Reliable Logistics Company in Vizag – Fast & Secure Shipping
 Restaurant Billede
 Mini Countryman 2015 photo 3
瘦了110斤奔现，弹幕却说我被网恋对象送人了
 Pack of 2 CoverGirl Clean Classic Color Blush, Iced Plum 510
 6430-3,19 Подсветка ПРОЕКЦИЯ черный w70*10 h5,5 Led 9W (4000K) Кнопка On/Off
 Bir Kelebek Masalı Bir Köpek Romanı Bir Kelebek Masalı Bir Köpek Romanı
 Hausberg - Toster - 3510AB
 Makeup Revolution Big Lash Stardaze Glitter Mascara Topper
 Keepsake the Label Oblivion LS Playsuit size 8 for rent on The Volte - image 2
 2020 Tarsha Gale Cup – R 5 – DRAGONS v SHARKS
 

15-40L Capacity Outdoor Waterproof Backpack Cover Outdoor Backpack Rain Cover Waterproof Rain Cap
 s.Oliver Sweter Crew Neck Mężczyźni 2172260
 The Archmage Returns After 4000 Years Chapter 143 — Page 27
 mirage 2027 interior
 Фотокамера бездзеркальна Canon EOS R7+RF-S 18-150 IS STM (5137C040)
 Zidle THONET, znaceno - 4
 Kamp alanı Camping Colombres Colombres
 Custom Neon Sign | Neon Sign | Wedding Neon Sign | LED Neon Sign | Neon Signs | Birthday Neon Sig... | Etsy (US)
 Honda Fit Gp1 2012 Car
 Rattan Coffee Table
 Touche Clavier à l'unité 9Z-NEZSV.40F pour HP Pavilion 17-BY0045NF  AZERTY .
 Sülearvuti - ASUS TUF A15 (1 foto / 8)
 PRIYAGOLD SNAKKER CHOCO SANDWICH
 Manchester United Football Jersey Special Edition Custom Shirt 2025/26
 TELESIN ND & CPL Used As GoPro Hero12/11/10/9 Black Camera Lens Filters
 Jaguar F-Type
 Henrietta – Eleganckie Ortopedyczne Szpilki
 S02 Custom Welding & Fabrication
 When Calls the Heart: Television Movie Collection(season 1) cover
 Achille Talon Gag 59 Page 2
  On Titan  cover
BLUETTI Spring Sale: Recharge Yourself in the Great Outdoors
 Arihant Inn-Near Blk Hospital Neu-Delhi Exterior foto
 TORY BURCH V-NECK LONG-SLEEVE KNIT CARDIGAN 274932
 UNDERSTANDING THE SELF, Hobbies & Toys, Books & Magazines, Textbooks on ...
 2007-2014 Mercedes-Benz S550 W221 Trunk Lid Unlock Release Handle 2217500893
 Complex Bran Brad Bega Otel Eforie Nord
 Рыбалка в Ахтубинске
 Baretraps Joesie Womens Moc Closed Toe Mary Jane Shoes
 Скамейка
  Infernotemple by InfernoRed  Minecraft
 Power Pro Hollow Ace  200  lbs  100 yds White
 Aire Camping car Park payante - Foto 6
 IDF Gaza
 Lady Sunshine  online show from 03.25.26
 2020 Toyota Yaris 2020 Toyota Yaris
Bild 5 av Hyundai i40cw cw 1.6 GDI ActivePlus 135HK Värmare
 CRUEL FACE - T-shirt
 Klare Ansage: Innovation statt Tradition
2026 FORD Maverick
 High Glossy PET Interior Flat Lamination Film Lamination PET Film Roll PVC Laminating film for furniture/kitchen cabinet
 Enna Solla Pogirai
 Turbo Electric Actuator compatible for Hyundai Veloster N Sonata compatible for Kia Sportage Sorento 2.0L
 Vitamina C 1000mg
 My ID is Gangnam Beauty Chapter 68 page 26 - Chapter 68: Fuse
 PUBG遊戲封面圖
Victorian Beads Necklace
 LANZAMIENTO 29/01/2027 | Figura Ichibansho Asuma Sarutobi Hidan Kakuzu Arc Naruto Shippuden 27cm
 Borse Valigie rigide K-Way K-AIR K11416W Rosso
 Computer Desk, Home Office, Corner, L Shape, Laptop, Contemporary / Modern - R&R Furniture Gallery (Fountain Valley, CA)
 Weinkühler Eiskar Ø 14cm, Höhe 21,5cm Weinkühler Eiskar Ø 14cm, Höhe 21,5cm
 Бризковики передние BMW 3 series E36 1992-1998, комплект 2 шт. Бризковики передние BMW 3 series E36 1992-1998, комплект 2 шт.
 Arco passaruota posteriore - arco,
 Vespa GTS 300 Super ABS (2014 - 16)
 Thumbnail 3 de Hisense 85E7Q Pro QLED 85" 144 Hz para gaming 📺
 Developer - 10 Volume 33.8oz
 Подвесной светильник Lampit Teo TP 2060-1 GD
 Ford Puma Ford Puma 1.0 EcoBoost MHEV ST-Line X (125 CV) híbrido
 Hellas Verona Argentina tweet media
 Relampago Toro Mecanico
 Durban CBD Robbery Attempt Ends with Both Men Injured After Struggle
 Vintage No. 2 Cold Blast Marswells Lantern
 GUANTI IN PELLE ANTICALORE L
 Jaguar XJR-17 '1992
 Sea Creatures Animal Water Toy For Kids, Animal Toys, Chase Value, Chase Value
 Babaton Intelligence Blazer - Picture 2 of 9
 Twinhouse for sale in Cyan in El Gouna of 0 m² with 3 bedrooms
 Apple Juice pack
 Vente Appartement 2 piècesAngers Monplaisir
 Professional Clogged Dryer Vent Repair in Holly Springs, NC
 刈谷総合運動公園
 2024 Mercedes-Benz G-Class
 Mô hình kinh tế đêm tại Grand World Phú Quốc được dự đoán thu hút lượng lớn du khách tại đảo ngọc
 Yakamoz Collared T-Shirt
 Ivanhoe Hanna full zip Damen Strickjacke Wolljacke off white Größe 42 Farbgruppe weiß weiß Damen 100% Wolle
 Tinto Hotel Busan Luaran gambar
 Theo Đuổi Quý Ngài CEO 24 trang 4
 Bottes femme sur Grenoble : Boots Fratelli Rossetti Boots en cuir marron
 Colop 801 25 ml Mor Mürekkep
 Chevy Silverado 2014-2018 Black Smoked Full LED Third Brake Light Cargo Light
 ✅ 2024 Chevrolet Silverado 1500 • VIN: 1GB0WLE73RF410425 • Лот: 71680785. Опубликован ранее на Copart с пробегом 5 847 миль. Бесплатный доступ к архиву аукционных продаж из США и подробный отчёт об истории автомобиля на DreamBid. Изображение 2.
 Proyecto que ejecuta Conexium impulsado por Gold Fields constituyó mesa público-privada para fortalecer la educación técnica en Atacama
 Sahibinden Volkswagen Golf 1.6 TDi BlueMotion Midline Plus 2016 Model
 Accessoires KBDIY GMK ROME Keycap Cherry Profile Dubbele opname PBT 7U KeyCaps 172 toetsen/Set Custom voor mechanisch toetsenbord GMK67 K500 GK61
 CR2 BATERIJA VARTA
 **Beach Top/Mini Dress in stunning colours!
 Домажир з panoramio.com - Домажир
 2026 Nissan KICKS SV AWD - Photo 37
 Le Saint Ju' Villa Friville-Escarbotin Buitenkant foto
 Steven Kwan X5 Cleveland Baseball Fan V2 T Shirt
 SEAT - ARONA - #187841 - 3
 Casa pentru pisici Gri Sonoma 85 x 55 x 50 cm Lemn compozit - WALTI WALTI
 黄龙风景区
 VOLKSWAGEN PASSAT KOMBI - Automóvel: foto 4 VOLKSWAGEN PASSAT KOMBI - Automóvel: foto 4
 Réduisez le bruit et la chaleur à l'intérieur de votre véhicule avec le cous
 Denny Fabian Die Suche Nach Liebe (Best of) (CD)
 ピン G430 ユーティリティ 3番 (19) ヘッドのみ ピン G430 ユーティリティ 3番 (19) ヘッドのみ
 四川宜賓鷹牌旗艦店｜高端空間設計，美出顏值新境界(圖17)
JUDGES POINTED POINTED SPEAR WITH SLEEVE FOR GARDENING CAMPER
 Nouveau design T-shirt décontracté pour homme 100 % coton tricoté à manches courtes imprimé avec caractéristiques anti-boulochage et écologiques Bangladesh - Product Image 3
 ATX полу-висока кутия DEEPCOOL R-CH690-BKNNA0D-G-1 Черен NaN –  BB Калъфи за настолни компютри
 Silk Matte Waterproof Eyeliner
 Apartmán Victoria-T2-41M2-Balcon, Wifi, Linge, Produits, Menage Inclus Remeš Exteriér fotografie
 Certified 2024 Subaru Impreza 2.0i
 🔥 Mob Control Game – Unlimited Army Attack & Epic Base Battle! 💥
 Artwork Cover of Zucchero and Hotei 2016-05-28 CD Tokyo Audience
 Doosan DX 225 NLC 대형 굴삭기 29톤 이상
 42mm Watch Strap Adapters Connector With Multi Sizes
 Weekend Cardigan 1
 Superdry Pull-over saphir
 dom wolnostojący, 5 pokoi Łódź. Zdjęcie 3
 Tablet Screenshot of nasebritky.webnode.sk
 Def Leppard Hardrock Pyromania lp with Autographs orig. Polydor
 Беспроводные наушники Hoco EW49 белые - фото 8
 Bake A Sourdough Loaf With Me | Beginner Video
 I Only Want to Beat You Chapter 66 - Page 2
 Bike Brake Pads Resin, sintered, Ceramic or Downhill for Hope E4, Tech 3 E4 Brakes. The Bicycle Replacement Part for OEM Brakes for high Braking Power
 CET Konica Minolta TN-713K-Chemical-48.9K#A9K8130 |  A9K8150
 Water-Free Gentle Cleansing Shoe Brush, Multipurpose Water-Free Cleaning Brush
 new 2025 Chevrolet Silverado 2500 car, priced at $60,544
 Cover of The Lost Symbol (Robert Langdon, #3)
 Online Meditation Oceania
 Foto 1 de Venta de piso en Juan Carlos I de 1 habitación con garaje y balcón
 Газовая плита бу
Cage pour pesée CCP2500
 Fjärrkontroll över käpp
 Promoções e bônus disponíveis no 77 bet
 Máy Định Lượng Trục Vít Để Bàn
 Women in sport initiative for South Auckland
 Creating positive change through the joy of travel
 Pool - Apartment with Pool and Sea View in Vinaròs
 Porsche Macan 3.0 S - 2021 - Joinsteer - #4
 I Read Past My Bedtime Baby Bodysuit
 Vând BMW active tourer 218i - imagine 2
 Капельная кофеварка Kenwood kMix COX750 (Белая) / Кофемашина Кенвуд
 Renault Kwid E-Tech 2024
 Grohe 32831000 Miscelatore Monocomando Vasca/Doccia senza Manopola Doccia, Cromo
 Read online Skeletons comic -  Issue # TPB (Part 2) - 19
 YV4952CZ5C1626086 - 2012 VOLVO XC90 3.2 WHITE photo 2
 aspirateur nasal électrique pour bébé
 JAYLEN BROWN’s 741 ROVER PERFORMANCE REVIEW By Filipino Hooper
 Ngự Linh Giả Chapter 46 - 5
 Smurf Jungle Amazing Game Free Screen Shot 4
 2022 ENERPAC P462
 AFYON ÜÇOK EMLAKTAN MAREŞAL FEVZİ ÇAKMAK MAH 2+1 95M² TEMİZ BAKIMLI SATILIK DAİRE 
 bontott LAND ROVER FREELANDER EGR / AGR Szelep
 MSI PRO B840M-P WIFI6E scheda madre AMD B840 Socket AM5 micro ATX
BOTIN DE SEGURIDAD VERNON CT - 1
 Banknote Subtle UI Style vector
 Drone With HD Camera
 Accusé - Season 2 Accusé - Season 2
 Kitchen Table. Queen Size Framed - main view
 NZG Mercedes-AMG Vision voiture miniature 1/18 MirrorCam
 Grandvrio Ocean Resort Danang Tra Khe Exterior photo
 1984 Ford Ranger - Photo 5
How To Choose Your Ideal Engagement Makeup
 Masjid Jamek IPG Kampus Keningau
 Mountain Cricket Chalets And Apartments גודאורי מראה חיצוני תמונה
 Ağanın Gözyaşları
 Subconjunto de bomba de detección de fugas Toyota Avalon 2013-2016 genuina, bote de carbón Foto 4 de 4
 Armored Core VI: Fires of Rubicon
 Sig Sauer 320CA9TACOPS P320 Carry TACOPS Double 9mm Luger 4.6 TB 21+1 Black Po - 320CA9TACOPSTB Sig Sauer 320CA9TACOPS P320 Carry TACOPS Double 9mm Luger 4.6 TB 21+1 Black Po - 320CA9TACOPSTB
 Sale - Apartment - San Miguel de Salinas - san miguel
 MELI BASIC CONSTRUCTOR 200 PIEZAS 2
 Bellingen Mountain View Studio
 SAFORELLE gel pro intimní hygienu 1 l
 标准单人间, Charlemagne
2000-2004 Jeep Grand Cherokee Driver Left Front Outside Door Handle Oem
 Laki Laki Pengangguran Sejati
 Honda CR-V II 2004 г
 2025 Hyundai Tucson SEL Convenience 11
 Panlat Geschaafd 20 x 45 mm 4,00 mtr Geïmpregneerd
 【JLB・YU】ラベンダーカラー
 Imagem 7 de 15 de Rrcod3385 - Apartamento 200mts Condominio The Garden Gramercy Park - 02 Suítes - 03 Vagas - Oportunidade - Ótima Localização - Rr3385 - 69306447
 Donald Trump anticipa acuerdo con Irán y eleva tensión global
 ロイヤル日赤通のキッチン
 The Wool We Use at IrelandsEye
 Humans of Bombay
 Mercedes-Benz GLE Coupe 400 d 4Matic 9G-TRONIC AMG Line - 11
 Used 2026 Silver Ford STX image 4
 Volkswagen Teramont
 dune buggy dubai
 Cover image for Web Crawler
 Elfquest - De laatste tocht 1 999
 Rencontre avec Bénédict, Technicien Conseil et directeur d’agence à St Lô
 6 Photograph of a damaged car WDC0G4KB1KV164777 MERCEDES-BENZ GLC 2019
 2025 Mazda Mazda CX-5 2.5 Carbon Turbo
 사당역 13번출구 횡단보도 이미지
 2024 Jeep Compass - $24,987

• _ASSIGNED TASK_: All lines in the records with the string "Waterproof" should be copied out.

• _ANSWER TO THE PROBLEM_:
15-40L Capacity Outdoor Waterproof Backpack Cover Outdoor Backpack Rain Cover Waterproof Rain Cap
 Silk Matte Waterproof Eyeliner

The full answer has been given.